18. IMPLIED CONDITIONS AND WARRANTIES
18.1 All implied conditions and warranties (statutory or otherwise) are hereby expressly excluded from this contract insofar as they are capable of being excluded by agreement.
19. COLLATERAL WARRANTIES AND REPRESENTATIONS
19.1 All prior statements and representations or collateral warranties that may have been given whether oral or in writing by Dräger or its servants or agents prior to the delivery of the goods and/or services are expressly excluded to the full extent allowed by law and accordingly Dräger is released by the Customer from any liability as a result of such statement or representation.
20. FITNESS FOR PURPOSE
20.1 The Customer shall not rely upon Dräger’s expertise or judgement as to fitness or suitability of use for which the Customer may require the goods and or service.
21. WAIVER
21.1 Failure by Dräger to insist upon strict performance by the Customer of any terms and conditions contained herein shall not be taken to be a waiver thereof or of any rights of Dräger in relation thereto and in any event shall not be taken to be a waiver of the same terms and conditions on any subsequent occasion and shall not discharge the Customer from any of its obligations pursuant to these terms and conditions.
22. LIENS
22.1 In addition to any lien to which Dräger may be entitled by statute or common law, Dräger shall in the event of the Customer’s insolvency, bankruptcy or winding up, be thereupon entitled to a general lien on all property whatsoever owned by the Customer and in Dräger’s possession at the time.
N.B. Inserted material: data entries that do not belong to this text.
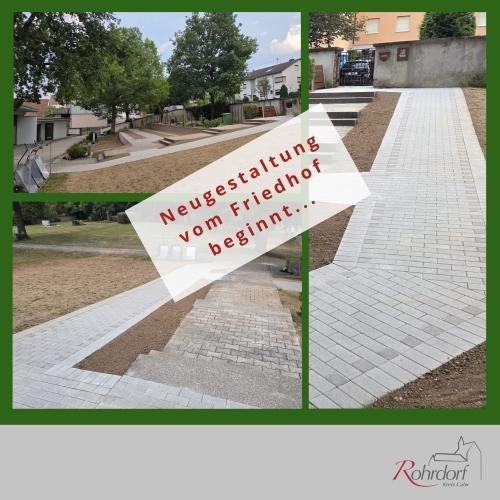 Fotocollage zur Neugestaltung des Friedhofs der Gemeinde Rohrdorf. Mehrere Fotos zeigen den neu angelegten barrierearmen Weg mit hellem Pflaster, Treppenanlagen und das neue gestaltete Urnengrabfeld. Die Maßnahmenverbessern die Erreichbarkeit und schagaffen zusätzlich Bestattungsmöglichkeiten in einer gepflegten Umgebung mit Bäumen und Grünflächen. In der der Bildmitte steht der Hinweis "Neugestaltung vom Friedhof beginnt.."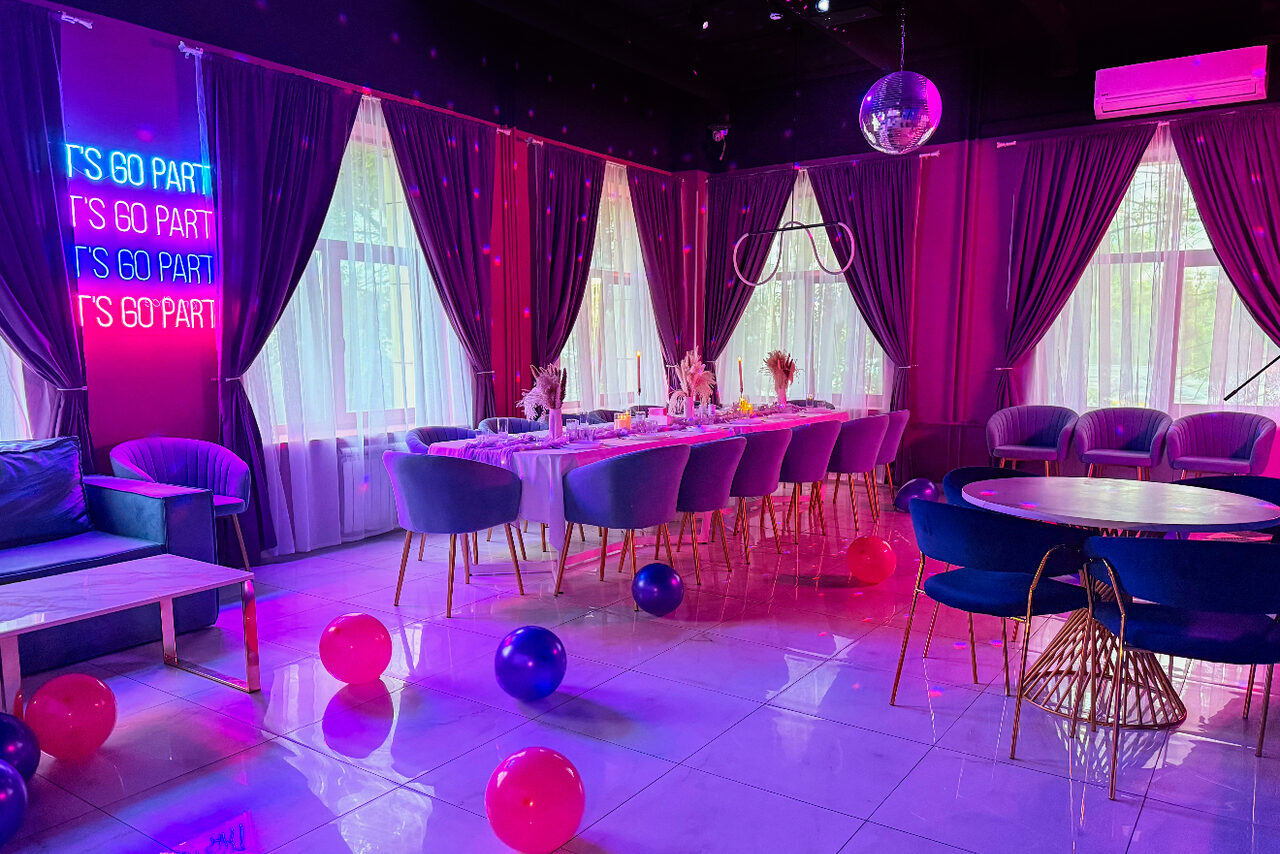 Арендовать Memory. Танцевальный лофт с караоке и сценой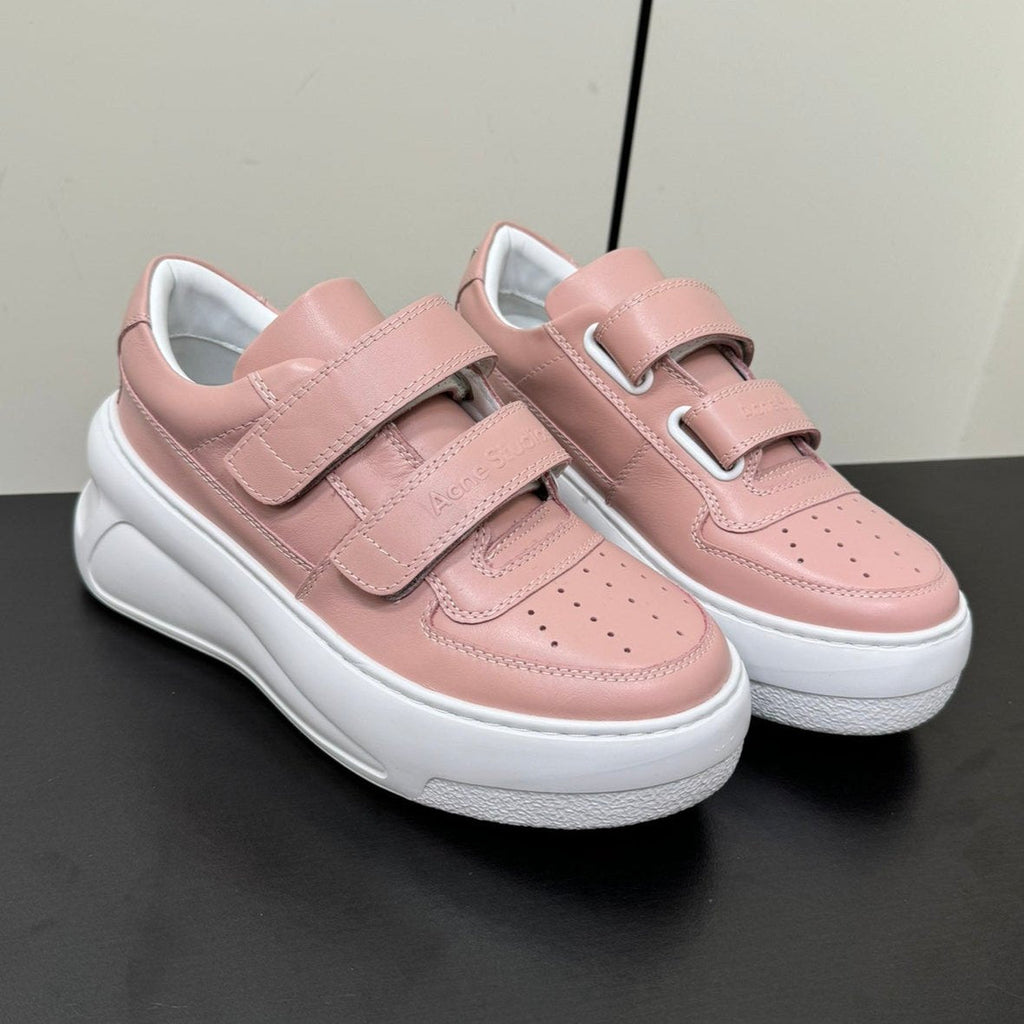 S-Sneakers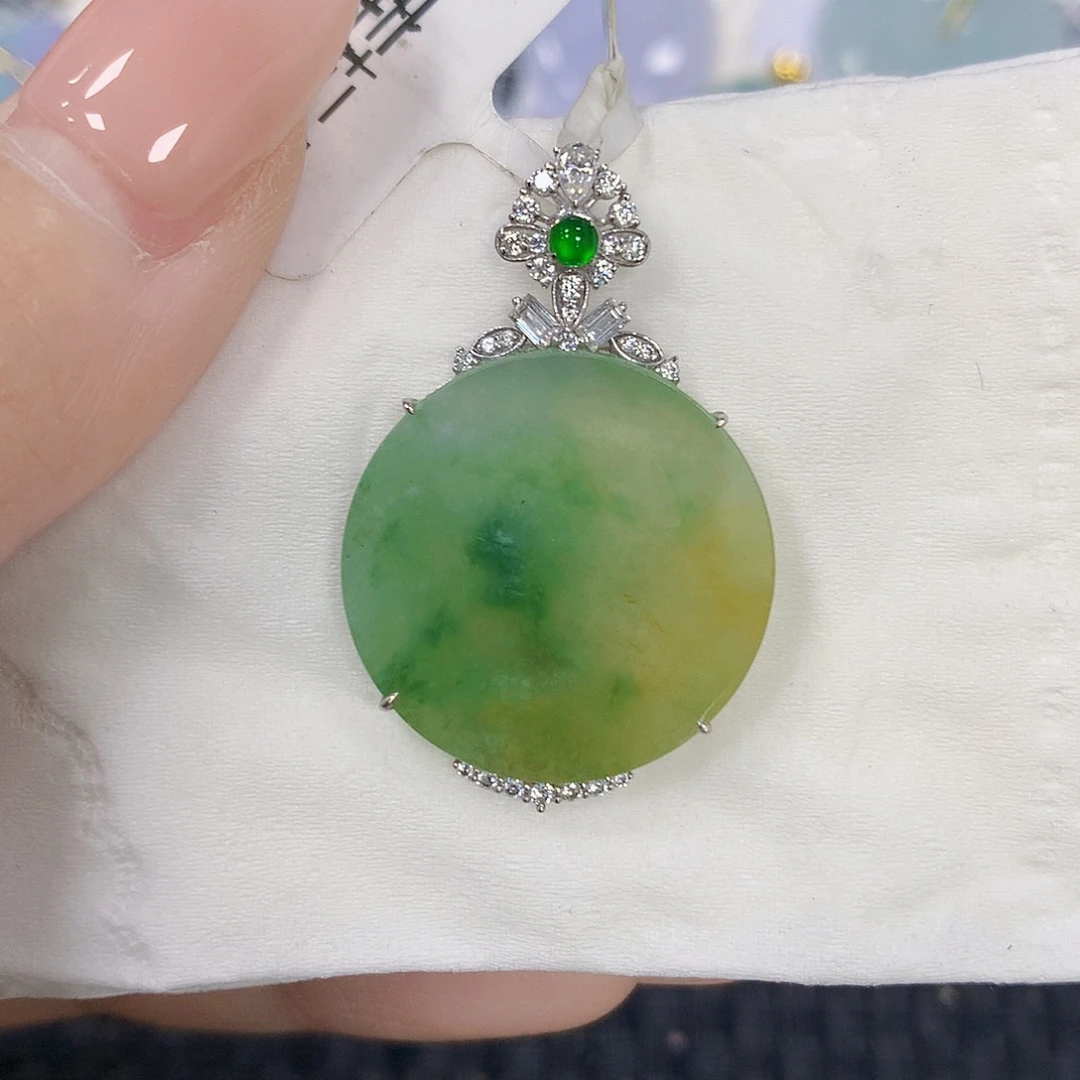 翡翠18K金镶嵌颈饰天然翡翠a货 百元以上9米证书费自理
22.2 The Customer agrees that if demand is made by Dräger the Customer on receiving such a demand will immediately execute a mortgage with a priority amount of all monies owing by the Customer plus any interest, and otherwise on the terms and conditions contained in the then current edition of the ADLSi Memorandum of Mortgage (All Obligations) form (such form to be prepared by Dräger’s solicitor, at the Customer’s cost), or other instrument of security, or consent to caveat, as required, and against the event that the Customer fails to do so within a reasonable time of being so requested, the Customer hereby irrevocably and by way of security, appoints any credit manager or solicitor engaged by Dräger to be its true and lawful attorney to execute and register such instruments. Such lien will cover the unpaid price of any goods and/or services supplied by Dräger to the Customer.
23. NOTICES
23.1 All Notices on Accounts shall be in writing and may be hand delivered or mailed postage pre-paid addressed to the postal address of either Dräger or the Customer as notified to the other from time to time in writing. Any such Notice or Demand or Account shall be deemed to have been received five (5) business days after dispatch if sent by mail, or the next business day if delivered by hand or facsimile transmission or email.
24 VOIDABILITY OF TERMS AND CONDITIONS
24.1 The Customer acknowledges that these terms and conditions are subject to any rights and obligations arising between the parties pursuant to any legislation or by implication of a law and specifically acknowledge that this contract is not intended and will not operate to override any rights and obligations that cannot be excluded at law . To the extent that any term or condition of this contract is void, voidable or repugnant to the provisions of any applicable legislation of New Zealand then this contract shall be read as if that term or condition were deleted and the balance of this contract shall be enforceable.